Going from a small, dark, enclosed environment to a huge, bright and open one is an overwhelming change, so by keeping your infant close to you, you can help make that change easier. It can sometimes help to think of the newborn stage as a kind of “fourth trimester,” in which your baby is slowly making the transition into the world, but still needs to be close to you as much as possible, for safety and reassurance.

Practical Ways to Increase Close Contact

Skin to Skin Contact: When your baby is born, hold her against your chest with a blanket covering you both. This helps to regulate baby’s temperature, while also calming her and allowing you to you bond. Ensure you write in your birth plan that you would like skin to skin with your baby as soon as possible, this is especially important if you are breastfeeding as close contact helps to stimulate your baby’s feeding instinct and thus your milk supply. Skin to skin isn’t just for newborns and can be repeated at home as your baby grows in her first year or so as it’s a great way to calm and soothe an overtired or fussy little one.

Carry your Baby in a Sling or Carrier: Babywearing is the perfect way to satisfy your baby’s need for closeness and have your hands free to get on with things at the same time. Babywearing is for toddlers, too, and can be particularly helpful for calming tantrums.

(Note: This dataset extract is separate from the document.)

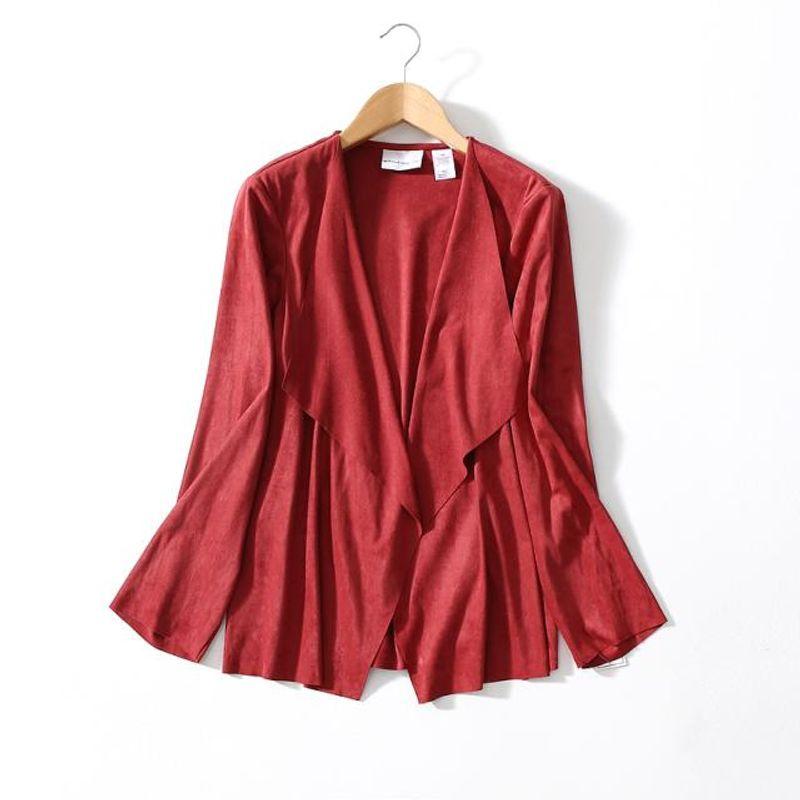 

Export Export Fashion Style Big Brand Elegant Asymmetrical Suede Trench Coat Coat Shawl Spring & Fall Plus Size Women s Clothing Carmine European code -20W (Bust size 128)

If you choose a good quality, supportive sling, even toddlers will feel weightless.

Sleep close to your baby:  It’s recommended that your baby sleeps in a cot in the same room as you for the first six months of her life, as this helps to reduce the risk of SIDS. By being in the same room you are also able to quickly attend to your baby’s nighttime needs.

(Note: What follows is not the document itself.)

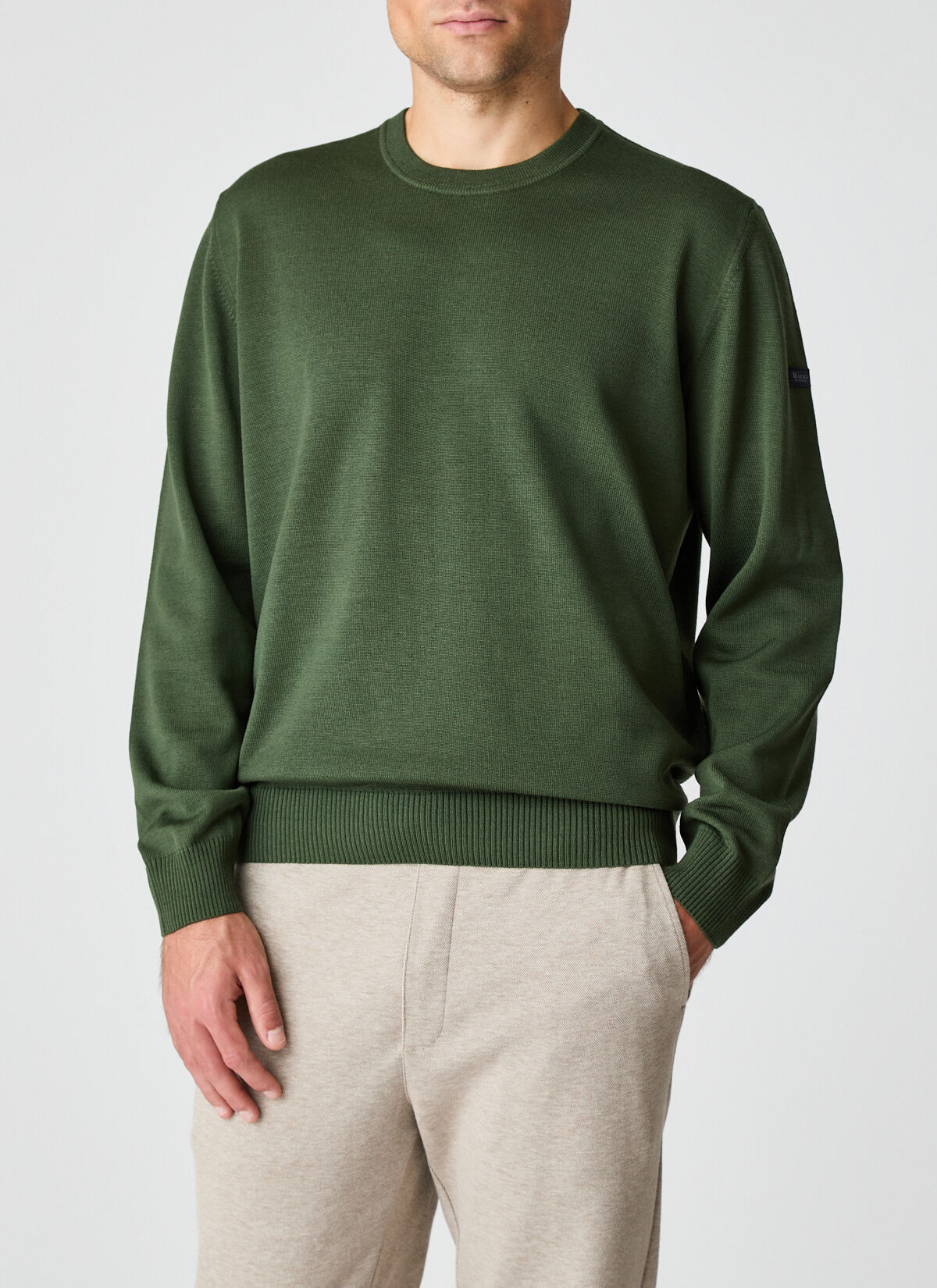 MAERZ Classic Fit heren trui met O-hals wol, groen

Follow your Baby’s Cues: Moms quickly learn the language of their baby, including their ways of communicating what they need. Your baby will make it clear when she wants to be picked up so try to watch out for these cues. It will not only help your baby to relax but it will keep her calm so she will be less likely to become fussy or cry.

Remember that keeping baby close is not just for moms, it’s a great way for dads to bond too and skin to skin and babywearing with dad are just as soothing for little ones, as well as being a great way for dads and their babies to bond.